MacIver News Service | April 17, 2013[Madison, Wisc…] Governor Scott Walker has proposed a property tax freeze in his 2013-2015 state budget, but rising home values across the state could mean increased property taxes according a new analysis released by the Legislative Fiscal Bureau last week.
Governor Walker’s 2011-2013 budget included a property tax freeze and back in February before the Legislature, the Governor once again introduced a budget that “will hold the line on property taxes.”
However, rising home values mean a median-value home owner will see their property tax bills increase by $25 next year and $18 in Fiscal Year 2015 (FY15), according to the first analysis conducted by the non-partisan Legislative Fiscal Bureau (LFB) on property tax policies in the governor’s budget proposal.
The current projected increase in home values will end the troubling four years of declining home values. Last year the median-value home dropped to $151,148 from $157,692, which helped lead to a $9 decrease in the average property tax bill for the year.
While individuals saw a decrease in their property tax bills this year, the gross property tax levy still increased by $86.5 million over last year to $10.47 billion, an increase of 0.8 percent. The Legislative Fiscal Bureau’s paper suggests this could be due to new construction.

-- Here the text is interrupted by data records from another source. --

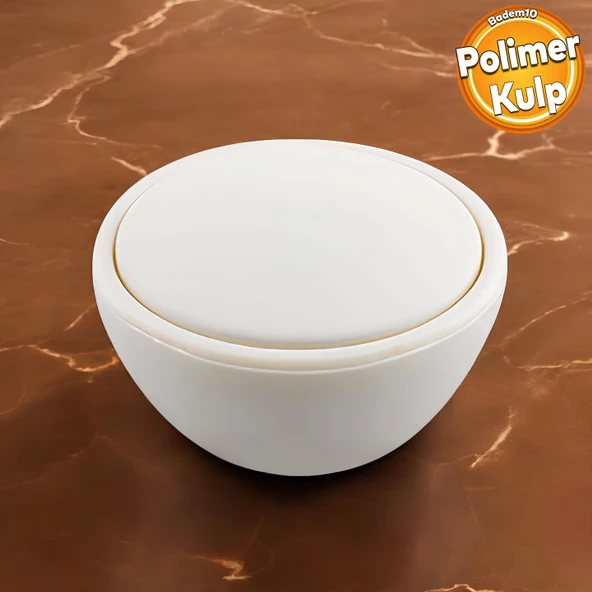Piyano Polimer Düğme Kulp DışBükey Mat Aytaşı Dolap Mobilya Mutfak Dolabı Çekmece Kulpu Kulbu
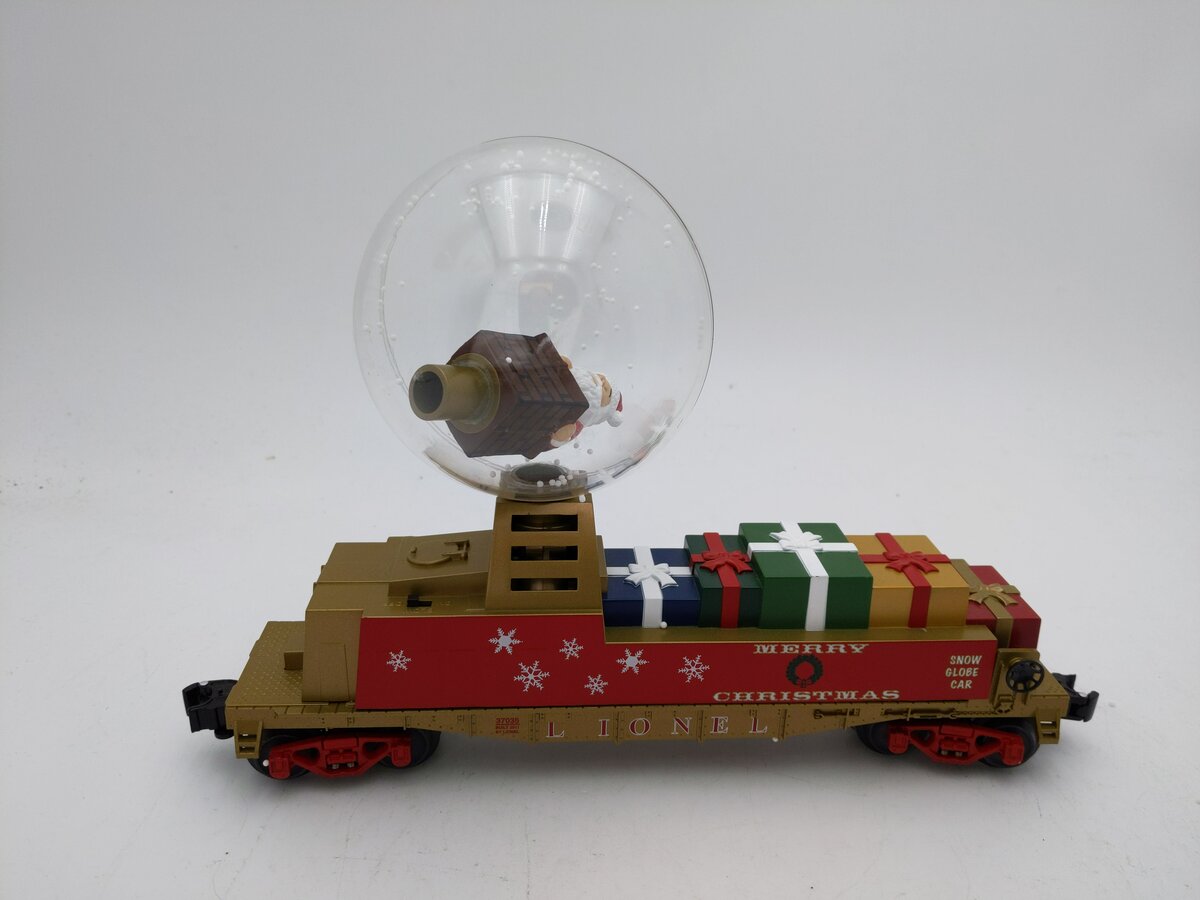 Lionel 6-37035 O Scale Santa's Operating Snow Globe Car VG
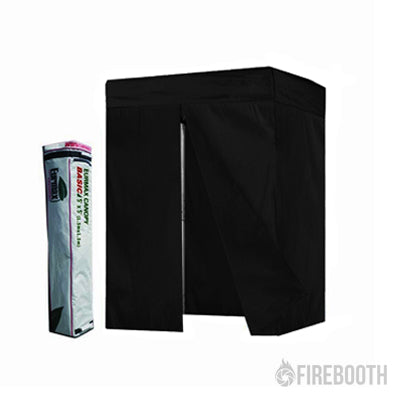 Eurmax 5×5 Pop-up Flat Top Photo Booth Tent with Carry Bag (No Print)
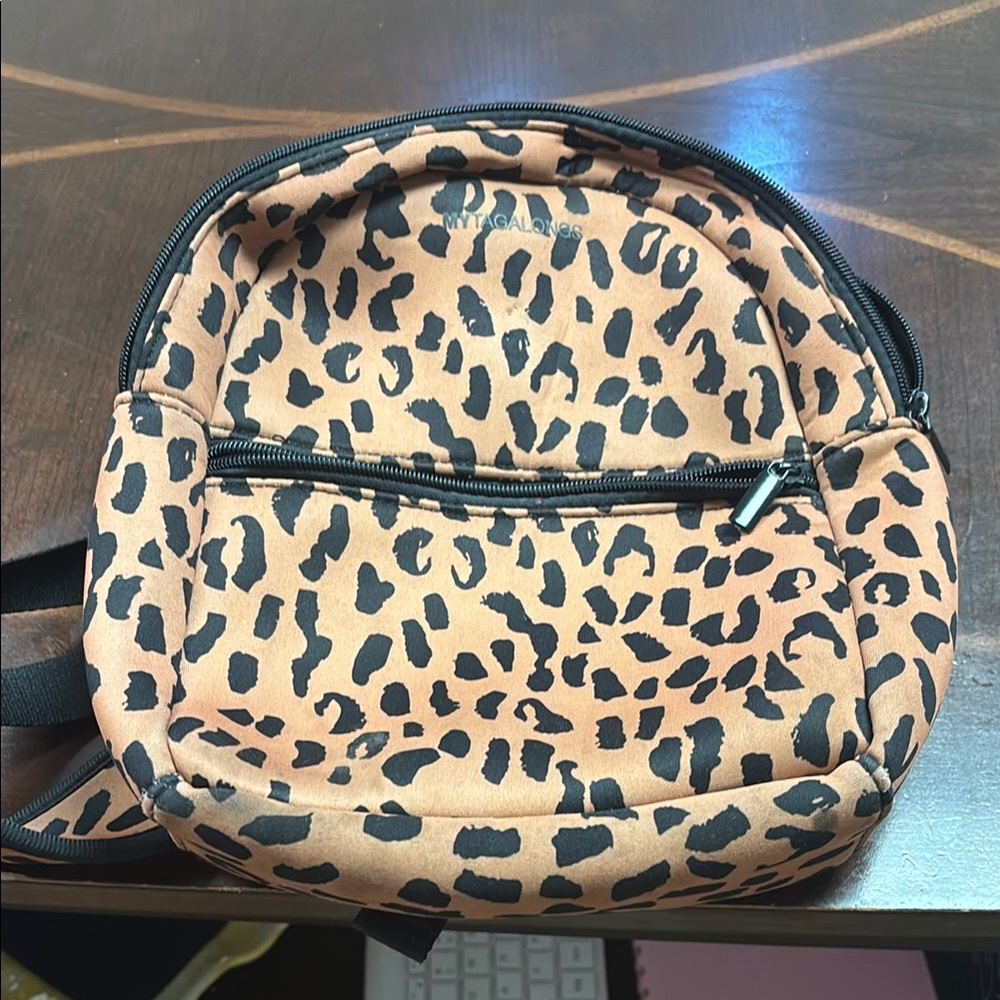 My tagalong Brown and Black Backpack Fashionable Design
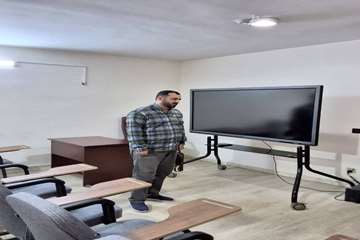 بازدید نماینده رئیس آزفای قم از خانه فرهنگ جمهوری اسلامی ایران در بغداد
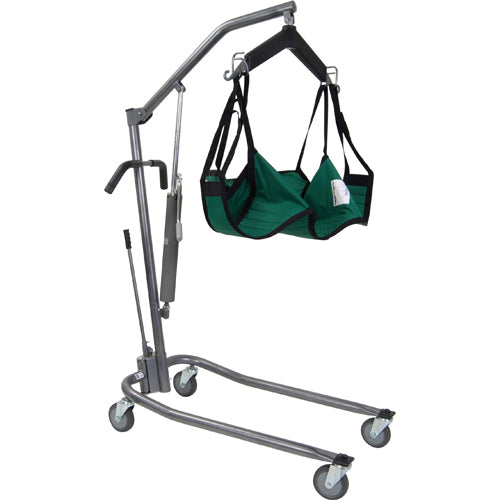 Patient Lift-Manual Silvr Vein w/6-Pt Cradle & Chains-Drive product image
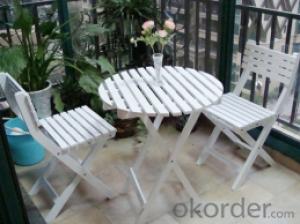 Patio Teak Wood Garden Furniture With eco Wood Table Top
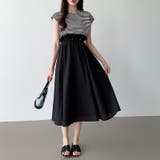 ドッキングワンピース ドローコード付き切り替えワンピース 夏ワンピース | COCOMOMO | 詳細画像8 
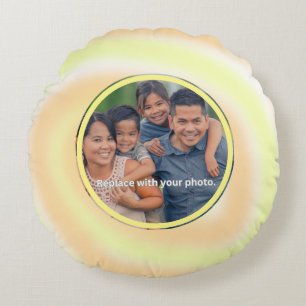 Personalisiertes Foto Gelb Wirbellose Kissen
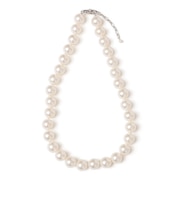 PEARL INTERNATIONAL:ノット ビッグ パール モチーフ ネックレス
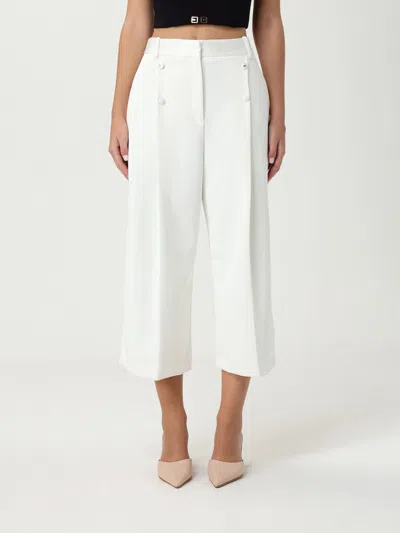 Elisabetta Franchi Pants  Woman Color Ivory In White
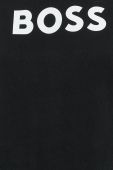 Бавовняна кофта BOSS жіноча колір чорний з принтом (2484169)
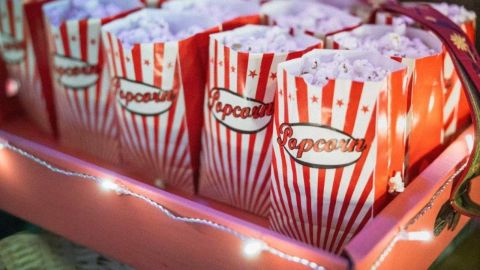 Library - popcorn, cinema, film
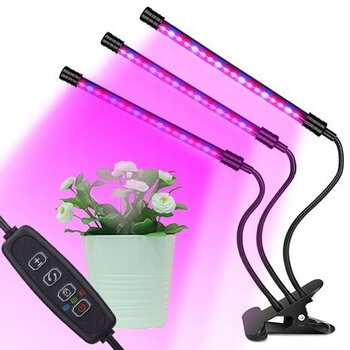 LED Lampa augiem - augu audzēšanai 3 gab. cena un informācija | Diedzēšanas trauki, augu lampas | 220.lv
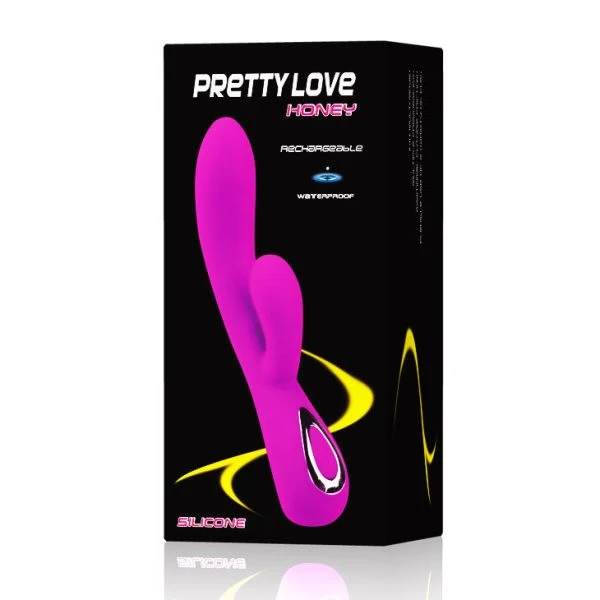 High Tech Pretty Love Smarter Honingvibrator Lila 18 cm High Tech Pretty Love Smarter Honingvibrator Lila 18 cm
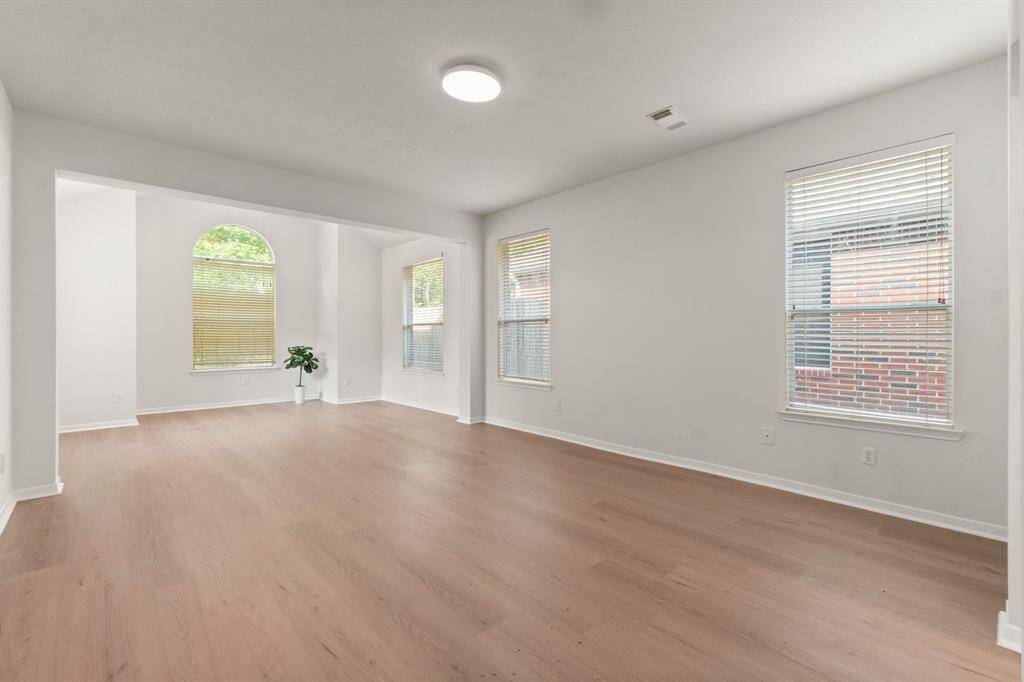 Primary bedroom with sitting area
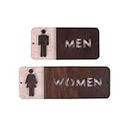GLNRM Men - women wooden restroom bord office supplies sunboard Restroom washroom sign men and women board sign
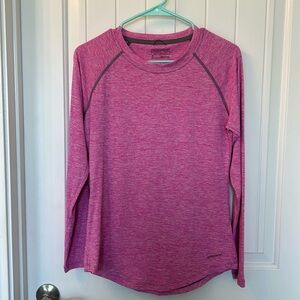 Small Patagonia pink long sleeve shirt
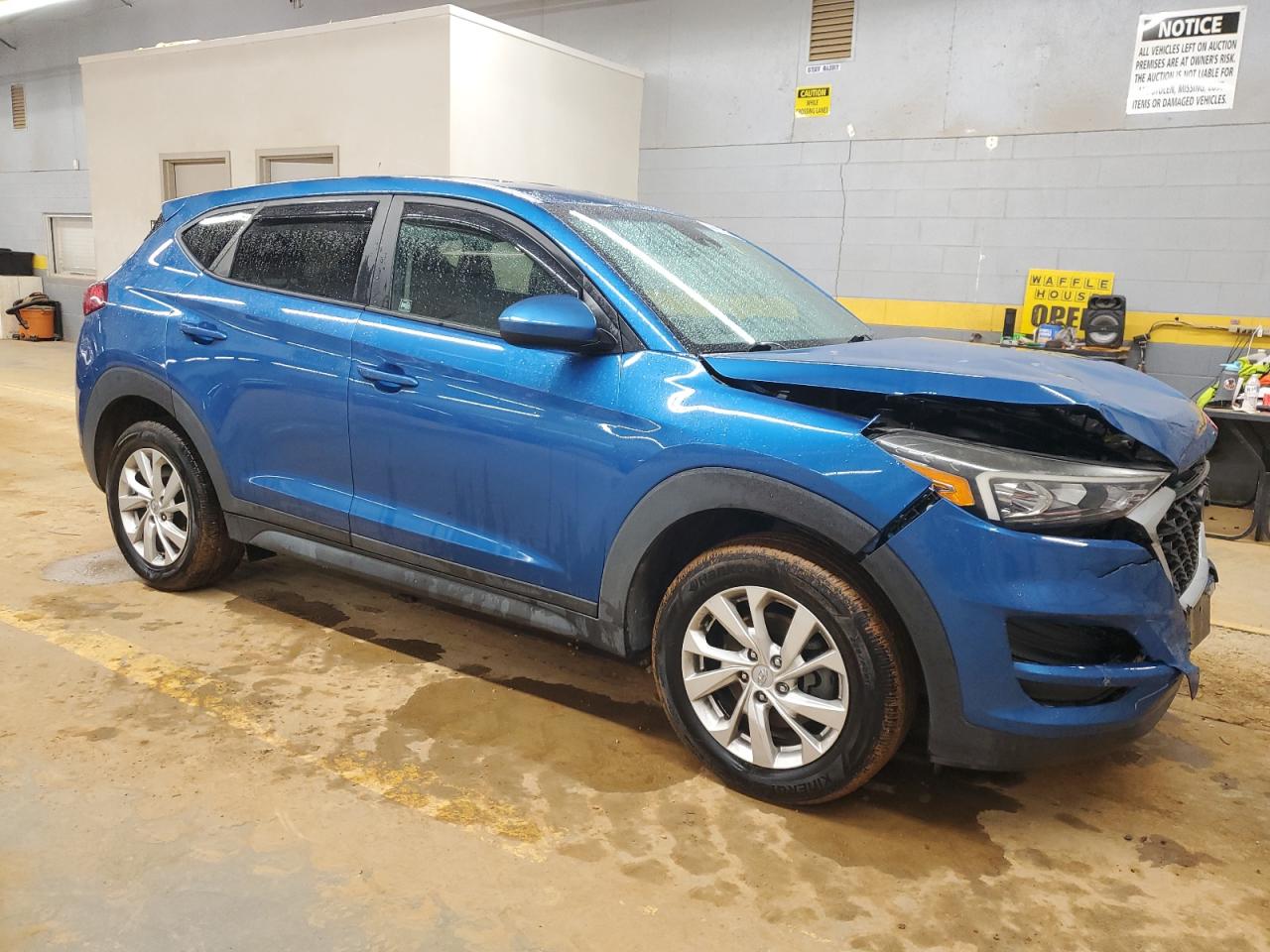 2019 Hyundai Tucson VIN KM8J2CA46KU893624 Copart auction photo, front end damage thumbnail 4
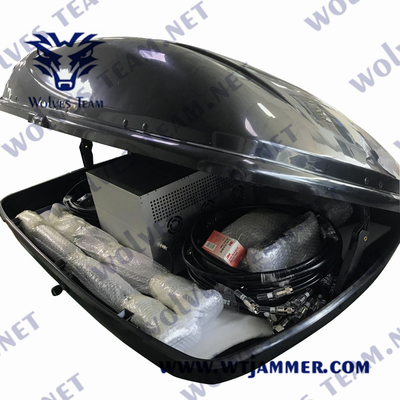 500 Watt Vehicle Signal Jammer DDS Lojack GSM WIFI GPS 500 Meters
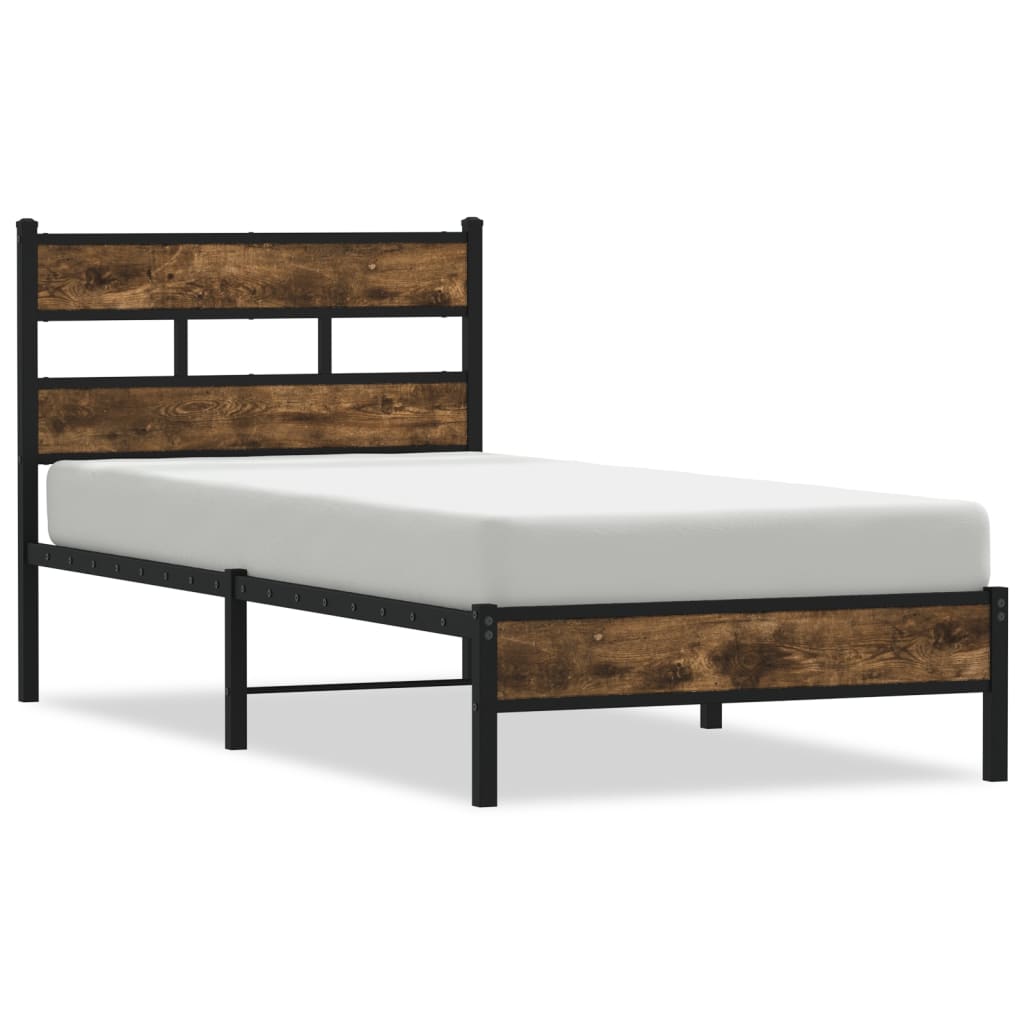 Bed frame without mattress with headboard 80x200 cm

Over the next two years, the Legislative Fiscal Bureau predicts the median home value in Wisconsin will rise to $152,400 for FY14 and to $154,800 for FY15. This steady increase is one of the reasons for the estimated $25 and $18 increase in average property tax bills over the biennium.
LFB also predicts new construction will continue to boost the levy, estimating the gross property tax levy will increase $152.4 million in FY14 and $146.2 million in FY15 under the proposed limits. This is a 1.5 percent and 1.4 percent increase respectively over the previous year.
The report from LFB states, “the limit allows initial levy increases for each municipality and county based on the percentage change in each jurisdiction’s tax base due to net new construction that occurred in the jurisdiction during the prior year.”
Under Governor Doyle’s last budget, 2009 Wisconsin Act 28, local property taxes were allowed “a minimum increase of 3 percent,” which resulted in a statewide property tax increase of more than a billion dollars.